Bruce Thompson: Smith SSW A Pivotal Experience

For Bruce Thompson, attending Smith School for Social Work was a pivotal experience. “It became an academic home for me unlike any other,” he recalled. “The beginning of what I knew was a very important and integrative step for me away from planning and administration and toward direct service and teaching.” Thompson has remained dedicated to teaching and advising at SSW and developing a career that fellow alum David Aronstein calls, “a shining example of how effective and important social workers can be in changing the lives of our clients and communities.”

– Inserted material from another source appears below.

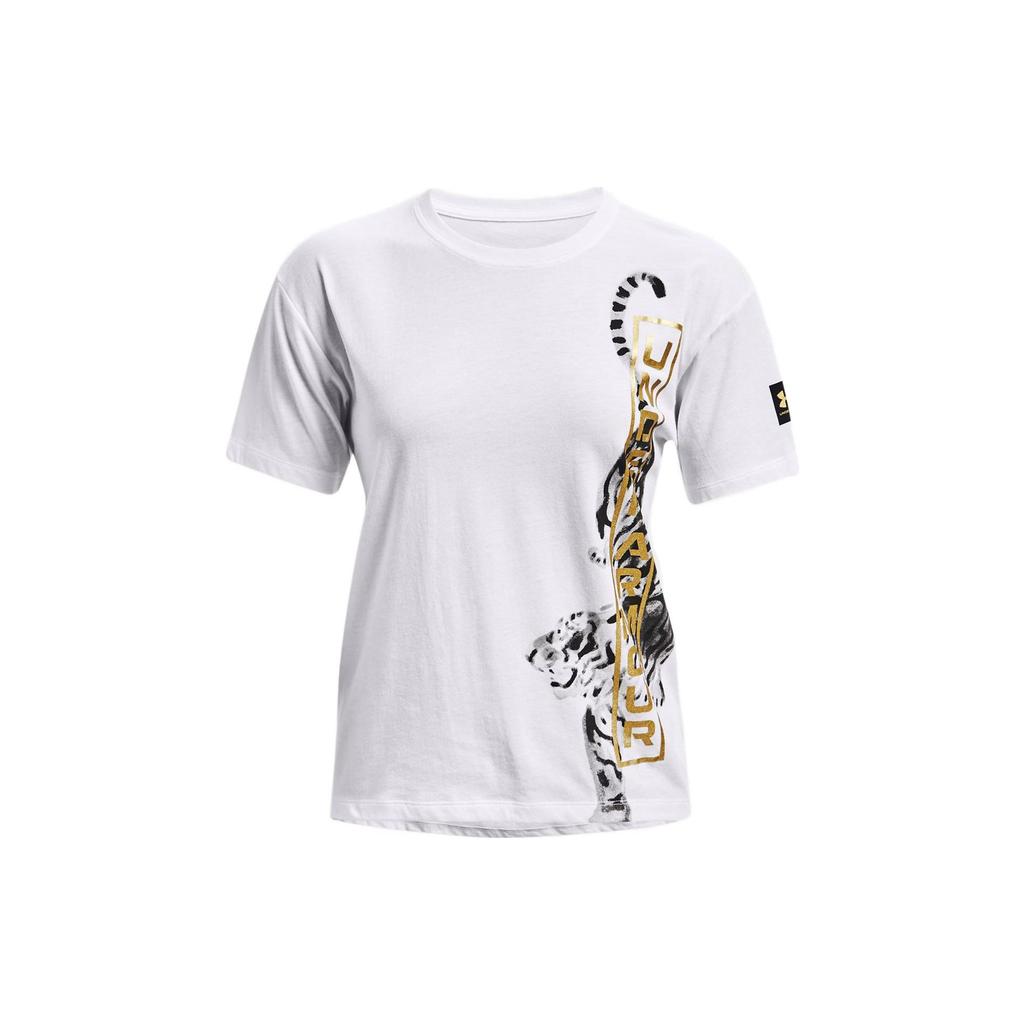 Under Armour Новая весенняя коллекция, футболка с круглым вырезом и принтом логотипа тигра, женские топы, белые 1366121-100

Thompson was initially drawn to social work in the 1960s because he wanted to work with vulnerable populations and to work on progressive change from within a professional base.

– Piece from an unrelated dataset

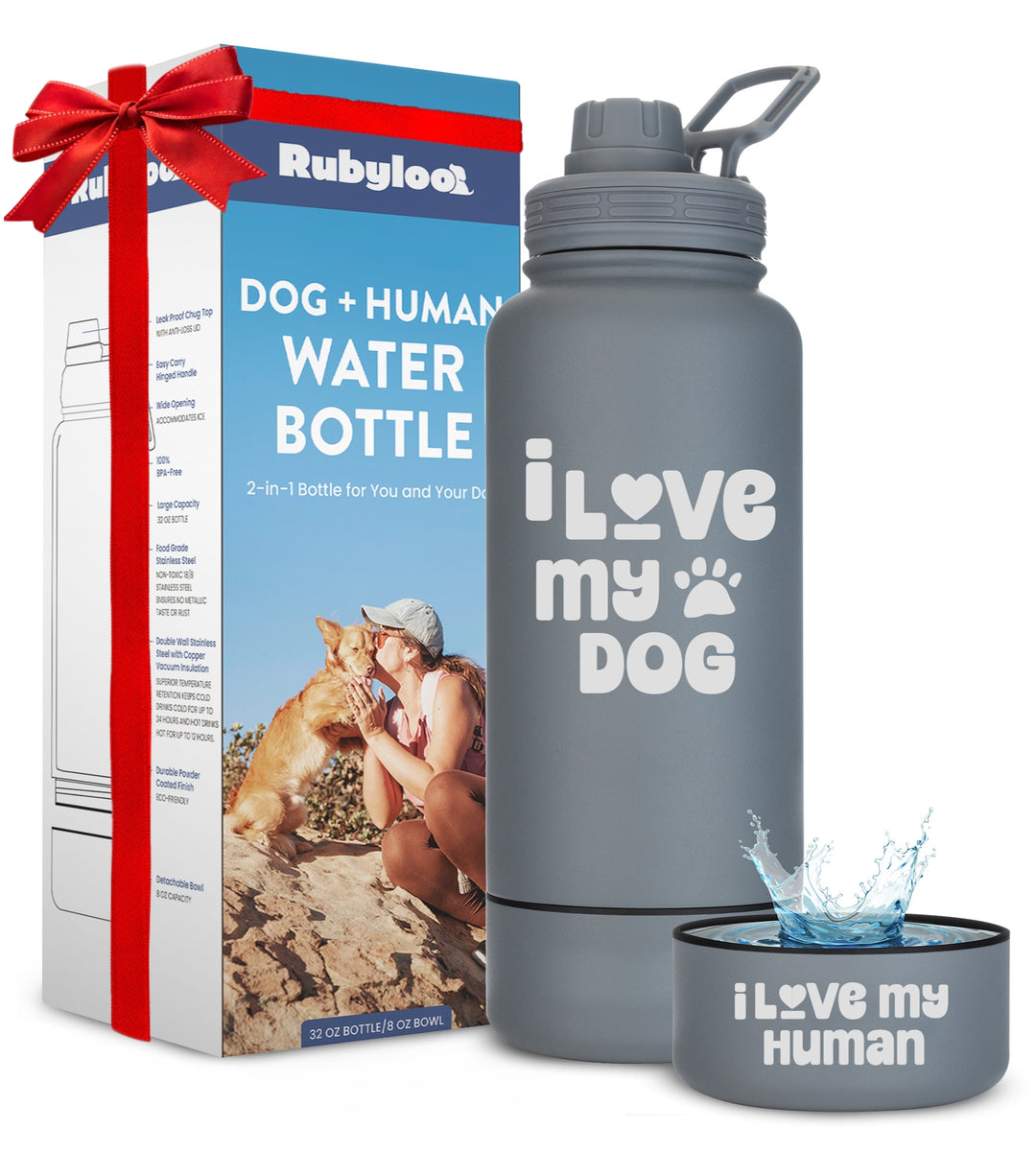 Dog + Human Water Bottle with Detachable Dog Bowl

After earning an M.S.W. from Syracuse University and a master’s from Harvard Public Health, Thompson coordinated the development of the Home Care Program of the new Department of Elder Affairs in Massachusetts and the opening of the new Braintree Hospital.
When Thompson began his doctoral work in 1980, the first LGBT student group at SSW had recently formed and students had successfully persuaded the School to add sexual orientation to its nondiscrimination policy. “There was an emerging visibility of the SSW LGBT community and more dialogue about how the curriculum needed to reflect a healthier view of LGBT individuals and families,” he said.

Smith SSW became an academic home for me unlike any other. The beginning of what I knew was a very important and integrative step for me away from planning and administration and toward direct service and teaching.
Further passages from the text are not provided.